(Short text fragments from websites)
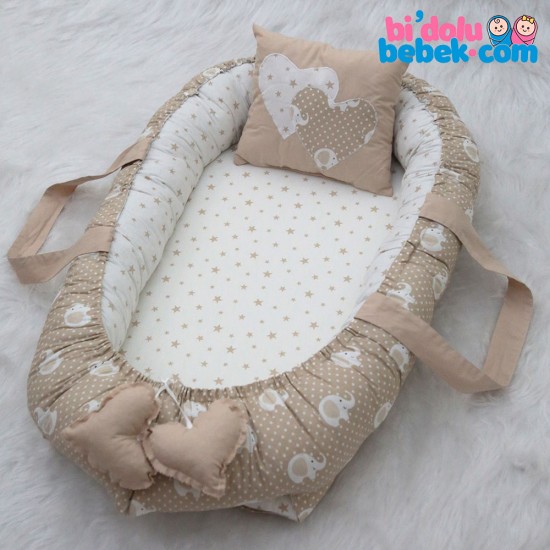 Sandfarbener Elefant gemusterter Stern gemustertes Babynest - Schoß der Mutter Sandfarbener Elefant gemusterter Stern gemustertes Babynest - Schoß der Mutter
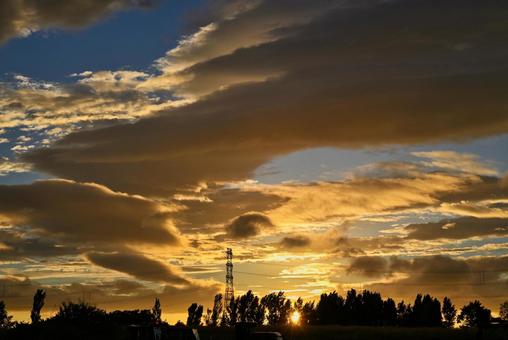 台風接近中の夕焼け 2025/7/14 台風接近中の夕焼け,夕暮れ,夕方の写真素材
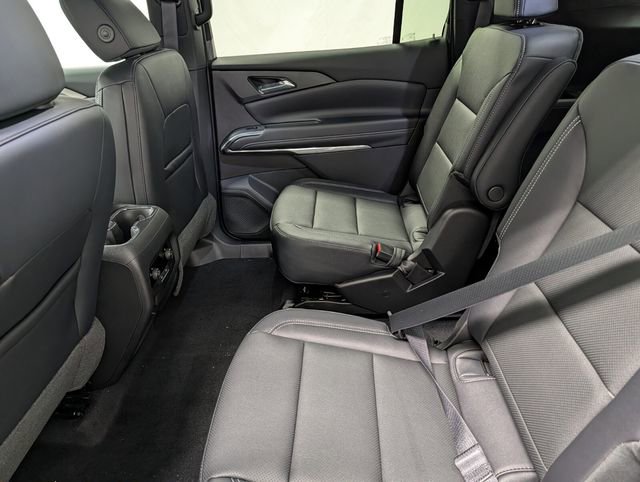 New 2026 Chevrolet Traverse LT image 11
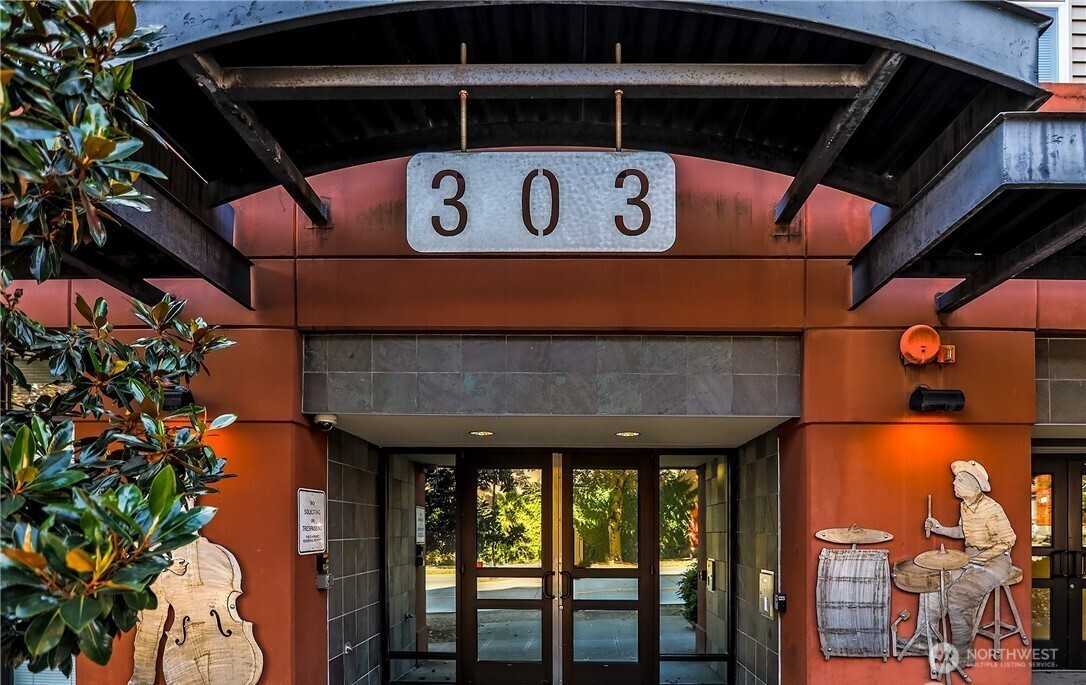 303 23rd Avenue S, Seattle, WA 98144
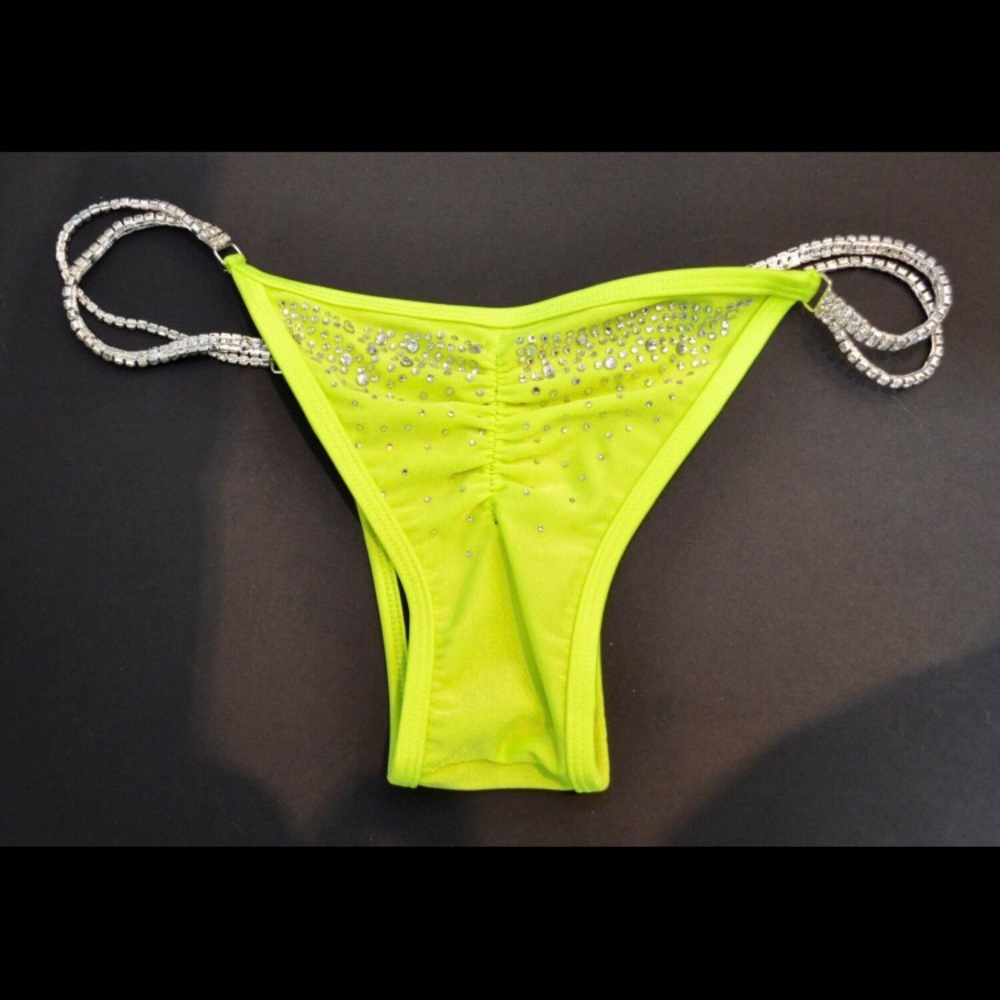 Competition bikini - Picture 6 of 8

**YOUR TASK**. All entries above must be repeated exactly; pictures are to be left out.

**ANSWER TO THIS EXERCISE**.
 Sandfarbener Elefant gemusterter Stern gemustertes Babynest - Schoß der Mutter Sandfarbener Elefant gemusterter Stern gemustertes Babynest - Schoß der Mutter
 台風接近中の夕焼け 2025/7/14 台風接近中の夕焼け,夕暮れ,夕方の写真素材
 New 2026 Chevrolet Traverse LT image 11
 303 23rd Avenue S, Seattle, WA 98144
 Competition bikini - Picture 6 of 8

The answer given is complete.